Processor
is the main type whose implementation is up to the user: it
contains the code of the computation to be performed by a vertex. There
are a number of Processor building blocks in the Jet API which allow you
to just specify the computation logic, while the provided code
handles the processor's cooperative behavior. Please refer to the
AbstractProcessor section.
A processor's work can be conceptually described as follows: "receive
data from zero or more input streams and emit data into zero or more
output streams." Each stream maps to a single DAG edge (either inbound
or outbound). There is no requirement on the correspondence between
input and output items; a processor can emit any data it sees fit,
including none at all. The same Processor
abstraction is used for all
kinds of vertices, including sources and sinks.
Cooperative Multithreading
Cooperative multithreading is one of the core features of Jet and can be
roughly compared to green
threads. It is purely a
library-level feature and does not involve any low-level system or JVM
tricks; the Processor
API is simply designed in such a way that the
processor can do a small amount of work each time it is invoked, then
yield back to the Jet engine. The engine manages a thread pool of fixed
size and on each thread, the processors take their turn in a round-robin
fashion.
The point of cooperative multithreading is better performance. Several factors contribute to this:
- The overhead of context switching between processors is much lower since the operating system's thread scheduler is not involved.
- The worker thread driving the processors stays on the same core for longer periods, preserving the CPU cache lines.
- The worker thread has direct knowledge of the ability of a processor to make progress (by inspecting its input/output buffers).
Processor
instances are cooperative by default. The processor can opt
out of cooperative multithreading by overriding isCooperative()
to
return false
. Jet will then start a dedicated thread for it.
Requirements
To maintain an overall good throughput, a cooperative processor must take care not to hog the thread for too long (a rule of thumb is up to a millisecond at a time). Jet's design strongly favors cooperative processors and most processors can and should be implemented to fit these requirements. The major exception are sources and sinks because they often have no choice but calling into blocking I/O APIs.
The Outbox
The processor sends its output items to its Outbox
, which has a
separate bucket for each outbound edge. The buckets have limited
capacity and will refuse an item when full. A cooperative processor
should be implemented such that when its item is rejected by the outbox,
it saves its processing state and returns from the processing method.
The execution engine will then drain the outbox buckets.

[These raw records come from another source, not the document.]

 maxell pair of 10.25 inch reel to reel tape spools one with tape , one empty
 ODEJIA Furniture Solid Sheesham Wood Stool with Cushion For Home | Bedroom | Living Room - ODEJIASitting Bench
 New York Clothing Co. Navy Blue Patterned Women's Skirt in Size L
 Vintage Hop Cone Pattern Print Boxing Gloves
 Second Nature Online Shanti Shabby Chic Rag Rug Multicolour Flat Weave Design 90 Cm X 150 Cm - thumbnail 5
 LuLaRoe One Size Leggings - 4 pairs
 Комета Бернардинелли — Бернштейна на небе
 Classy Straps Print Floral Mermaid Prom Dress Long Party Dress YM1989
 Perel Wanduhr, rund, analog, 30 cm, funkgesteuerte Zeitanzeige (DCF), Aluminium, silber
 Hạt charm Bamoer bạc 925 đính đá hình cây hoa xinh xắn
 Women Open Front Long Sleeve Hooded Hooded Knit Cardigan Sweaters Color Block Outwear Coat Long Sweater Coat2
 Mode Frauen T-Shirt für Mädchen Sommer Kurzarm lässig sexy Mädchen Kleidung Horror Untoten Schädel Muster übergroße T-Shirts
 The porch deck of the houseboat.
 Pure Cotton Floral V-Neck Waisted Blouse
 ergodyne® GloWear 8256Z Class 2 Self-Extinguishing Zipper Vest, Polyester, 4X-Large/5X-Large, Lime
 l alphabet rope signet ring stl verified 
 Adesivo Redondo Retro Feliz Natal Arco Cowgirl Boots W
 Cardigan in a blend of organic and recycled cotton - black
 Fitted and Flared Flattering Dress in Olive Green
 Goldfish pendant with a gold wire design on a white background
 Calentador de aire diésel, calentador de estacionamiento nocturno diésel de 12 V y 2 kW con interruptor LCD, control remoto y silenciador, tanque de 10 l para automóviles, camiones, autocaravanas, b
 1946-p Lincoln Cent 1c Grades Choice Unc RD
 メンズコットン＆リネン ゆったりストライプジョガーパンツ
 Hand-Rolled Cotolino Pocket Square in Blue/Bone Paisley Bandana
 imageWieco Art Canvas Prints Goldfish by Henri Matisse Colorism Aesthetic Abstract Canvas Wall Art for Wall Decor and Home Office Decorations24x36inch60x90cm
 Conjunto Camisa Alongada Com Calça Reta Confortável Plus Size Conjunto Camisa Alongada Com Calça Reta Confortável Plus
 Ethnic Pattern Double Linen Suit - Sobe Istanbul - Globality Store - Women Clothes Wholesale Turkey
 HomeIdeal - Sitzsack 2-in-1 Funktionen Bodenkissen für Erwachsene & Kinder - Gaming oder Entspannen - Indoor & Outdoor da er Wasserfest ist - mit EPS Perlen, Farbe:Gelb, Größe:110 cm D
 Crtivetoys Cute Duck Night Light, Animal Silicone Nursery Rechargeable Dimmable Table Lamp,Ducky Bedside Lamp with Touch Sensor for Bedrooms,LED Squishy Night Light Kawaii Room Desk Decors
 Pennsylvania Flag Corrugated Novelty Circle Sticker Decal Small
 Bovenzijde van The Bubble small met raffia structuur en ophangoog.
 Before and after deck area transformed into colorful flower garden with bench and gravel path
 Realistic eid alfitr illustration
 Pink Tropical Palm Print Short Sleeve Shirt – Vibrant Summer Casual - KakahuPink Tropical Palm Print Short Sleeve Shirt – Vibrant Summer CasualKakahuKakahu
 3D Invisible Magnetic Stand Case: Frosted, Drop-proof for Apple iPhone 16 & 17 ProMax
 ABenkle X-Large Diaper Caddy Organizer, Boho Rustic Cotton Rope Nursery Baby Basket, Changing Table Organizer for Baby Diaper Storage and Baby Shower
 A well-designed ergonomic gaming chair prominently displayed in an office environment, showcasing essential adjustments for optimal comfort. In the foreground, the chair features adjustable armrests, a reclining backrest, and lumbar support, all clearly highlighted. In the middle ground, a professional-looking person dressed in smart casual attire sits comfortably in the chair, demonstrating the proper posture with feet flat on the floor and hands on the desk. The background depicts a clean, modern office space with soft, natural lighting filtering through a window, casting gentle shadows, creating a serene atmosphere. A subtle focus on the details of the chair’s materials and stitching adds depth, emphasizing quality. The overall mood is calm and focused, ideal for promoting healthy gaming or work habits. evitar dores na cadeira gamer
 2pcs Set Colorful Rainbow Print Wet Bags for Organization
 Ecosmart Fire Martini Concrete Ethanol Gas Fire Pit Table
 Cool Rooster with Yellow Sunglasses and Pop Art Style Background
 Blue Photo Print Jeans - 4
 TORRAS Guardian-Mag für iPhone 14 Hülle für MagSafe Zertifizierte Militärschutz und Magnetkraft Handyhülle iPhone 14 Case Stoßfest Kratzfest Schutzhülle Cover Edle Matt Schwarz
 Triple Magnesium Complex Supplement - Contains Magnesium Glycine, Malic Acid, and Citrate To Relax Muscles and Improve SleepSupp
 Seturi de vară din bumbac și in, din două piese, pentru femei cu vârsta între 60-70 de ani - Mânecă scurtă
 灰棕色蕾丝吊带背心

By contrast, a non-cooperative processor gets an auto-flushing, blocking outbox that never rejects an item. This can be leveraged to simplify the processor's implementation; however the simplification alone should never be the reason to declare a processor non-cooperative.
Data Processing Callbacks
Two callback methods are involved in data processing: process()
and
complete()
. Implementations of these methods can be stateful and do
not need to be thread-safe because Jet guarantees to use the processor
instances from one thread at a time, although not necessarily always the
same thread.
process(ordinal, inbox)
Jet passes the items received over a given edge to the processor by
calling process(ordinal, inbox)
. All items received since the last
process()
call are in the inbox, but also all the items the processor
hasn't removed in a previous process()
call. There is a separate
instance of Inbox
for each inbound edge, so any given process()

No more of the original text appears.